I'm just saying there's lots of places that the above happens, which is why
we are still scattering cond_resched() all over the place.

> 
> > > > > There might be others as well.  These are the possibilities that have
> > > > > come up thus far.
> > > > >     
> > > > > > They all suck and keeping some of them is just counterproductive as
> > > > > > again people will sprinkle them all over the place for the very wrong
> > > > > > reasons.      
> > > > > 
> > > > > Yes, but do they suck enough and are they counterproductive enough to
> > > > > be useful and necessary?  ;-)    
> > > > 
> > > > They are only useful and necessary because of the way we handle preemption
> > > > today. With the new preemption model, they are all likely to be useless and
> > > > unnecessary ;-)    
> > > 
> > > The "all likely" needs some demonstration.  I agree that a great many
> > > of them would be useless and unnecessary.  Maybe even the vast majority.
> > > But that is different than "all".  ;-)  
> > 
> > I'm betting it is "all" ;-) But I also agree that this "needs some
> > demonstration". We are not there yet, and likely will not be until the
> > second half of next year. So we have plenty of time to speak rhetorically
> > to each other!  
> 
> You know, we usually find time to engage in rhetorical conversation.  ;-)
> 
> > > > The conflict is with the new paradigm (I love that word! It's so "buzzy").
> > > > As I mentioned above, cond_resched() is usually added when a problem was
> > > > seen. I really believe that those problems would never had been seen if
> > > > the new paradigm had already been in place.    
> > > 
> > > Indeed, that sort of wording does quite the opposite of raising my
> > > confidence levels.  ;-)  
> > 
> > Yes, I admit the "manager speak" isn't something to brag about here. But I
> > really do like that word. It's just fun to say (and spell)! Paradigm,
> > paradigm, paradigm! It's that silent 'g'. Although, I wonder if we should
> > be like gnu, and pronounce it when speaking about free software? Although,
> > that makes the word sound worse. :-p  
> 
> Pair a' dime, pair a' quarter, pair a' fifty-cent pieces, whatever it takes!
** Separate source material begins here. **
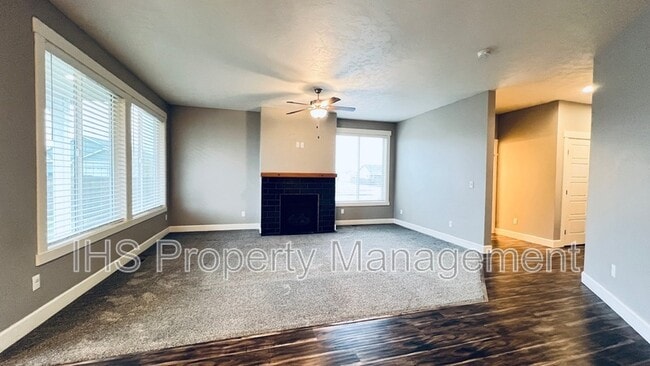 Building Photo - 9801 Silverbright Dr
 Pair a' two-bits : that's all it's worth

Or

 Pair a' two-cents : as it's my two cents that I'm giving.


> 
> > > You know, the ancient Romans would have had no problem dealing with the
> > > dot-com boom, cryptocurrency, some of the shadier areas of artificial
> > > intelligence and machine learning, and who knows what all else.  As the
> > > Romans used to say, "Beware of geeks bearing grifts."
> > >   
> > > > > >   3) Looking at the initial problem Ankur was trying to solve there is
> > > > > >      absolutely no acceptable solution to solve that unless you think
> > > > > >      that the semantically invers 'allow_preempt()/disallow_preempt()'
> > > > > >      is anywhere near acceptable.      
> > > > > 
> > > > > I am not arguing for allow_preempt()/disallow_preempt(), so for that
> > > > > argument, you need to find someone else to argue with.  ;-)    
> > > > 
> > > > Anyway, there's still a long path before cond_resched() can be removed. It
> > > > was a mistake by Ankur to add those removals this early (and he has
> > > > acknowledged that mistake).    
> > > 
> > > OK, that I can live with.  But that seems to be a bit different of a
> > > take than that of some earlier emails in this thread.  ;-)  
> > 
> > Well, we are also stating the final goal as well. I think there's some
> > confusion to what's going to happen immediately and what's going to happen
> > in the long run.  
> 
> If I didn't know better, I might suspect that in addition to the
> confusion, there are a few differences of opinion.  ;-)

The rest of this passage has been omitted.